> If it's actually 'laundering' then it's invalid to begin with.
It's laundering in any reasonable meaning of the word. Whether it's legal according to the letter of the law is being decided.
Please differentiate morality and legality as well as intent and letter of the law.
> If anything AI code is cheap enough to even things out.
1) Do you think people have and will have access to the same models as large corporations internally, especially those who train LLMs themselves? Nothing stopping Google from excluding its own source code from the publicly available models but including it for internal models.
2) It's not just about the code, it's about the whole pipeline from nothing to a finished product and revenue stream. Did you know half the price of a new car is marketing? How much you can spend on ads, legal, market research, sales reps, etc.

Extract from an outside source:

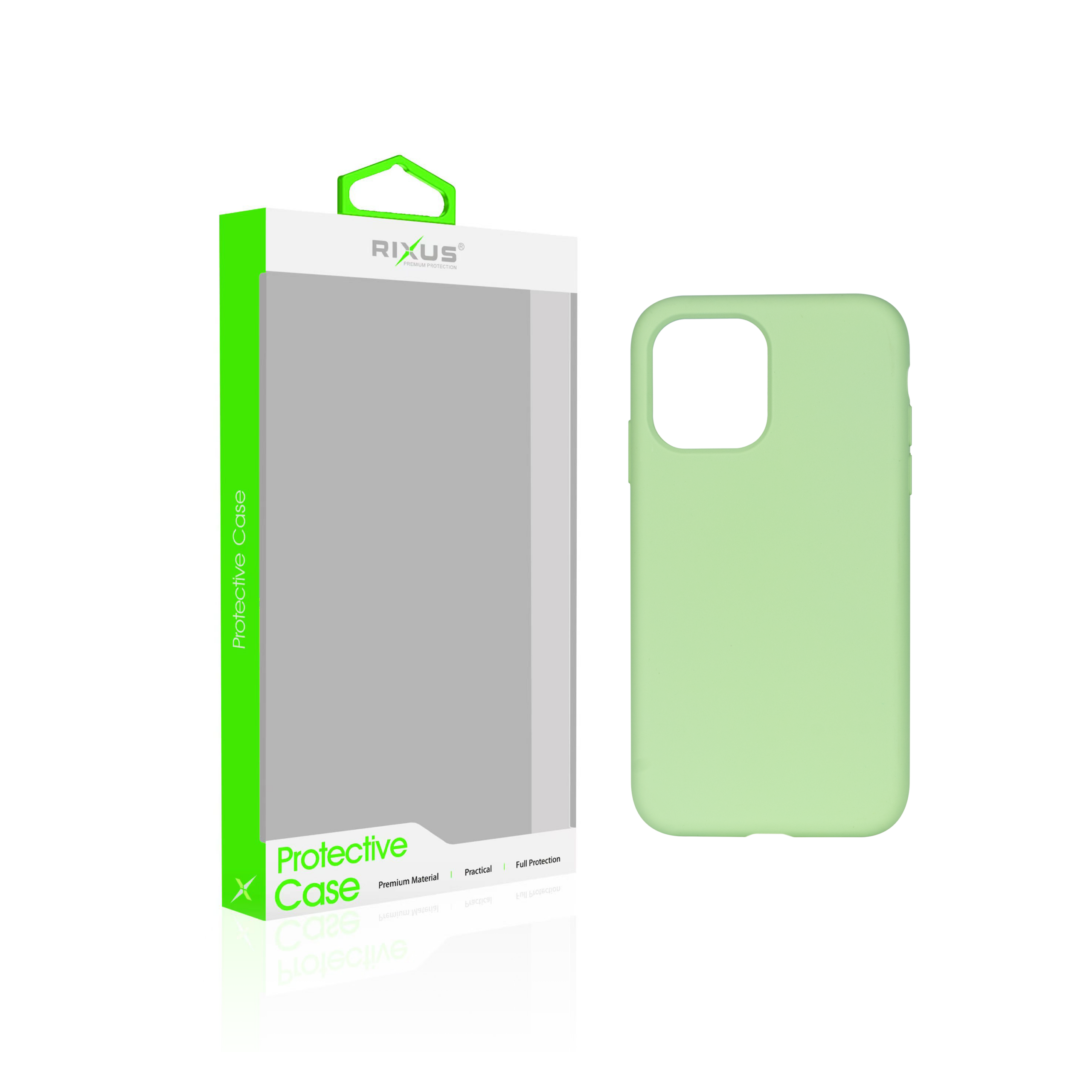 Rixus Soft TPU Handyhülle mit MagSafe kompatibel für Apple iPhone 12 Pro Max Matcha – Bild 5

In some areas, especially B2B, nobody will even talk to you if you're a single guy in a shed, companies want stability, predictability and long term support.
3) More crudely, if you wanted to influence product selection or government elections, how many tokens could you afford for LLMs to influence online discussions, how many residential IPs could you afford, how much data could you buy about users to target each one specifically? Rich people will clearly have an advantage there.

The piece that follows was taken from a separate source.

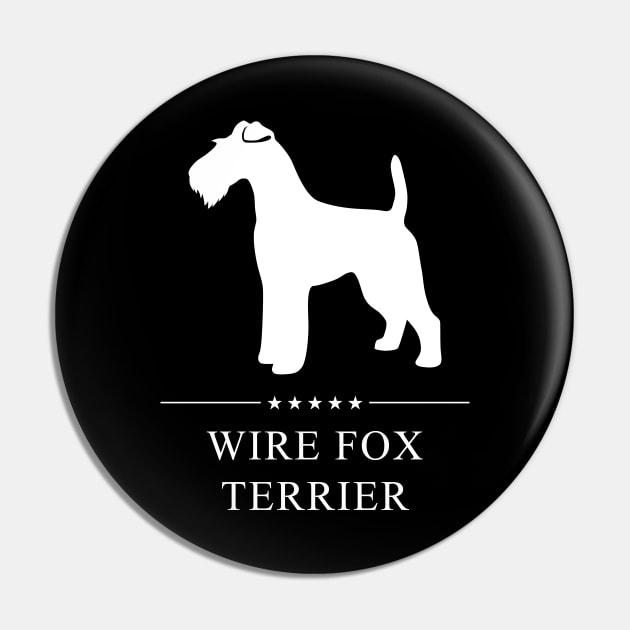 Wire Fox Terrier Dog White Silhouette Pin by millersye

Basically, if the cost of code goes towards zero, other factors will play a larger role.
> I think a lot of those people are consistent!

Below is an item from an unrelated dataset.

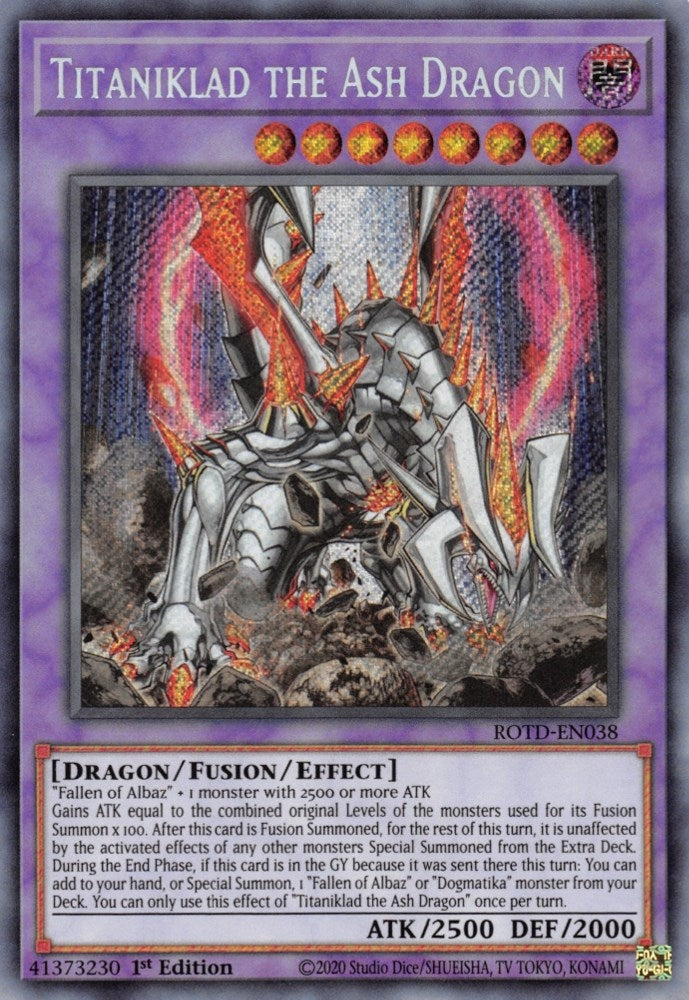 Titaniklad the Ash Dragon (38) (ROTD) - YuGiOh Single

Only if they're consistently applying the rules to others but not themselves. Otherwise "permanent and total control over any idea they have" means they could never base anything on other people's ideas.
It's silly to say a human writing a piece of software is laundering their knowledge of existing software, even if they're trying to make a competitor to a specific thing. Legally and morally.
It's just a silly to say it's laundering when a machine does it.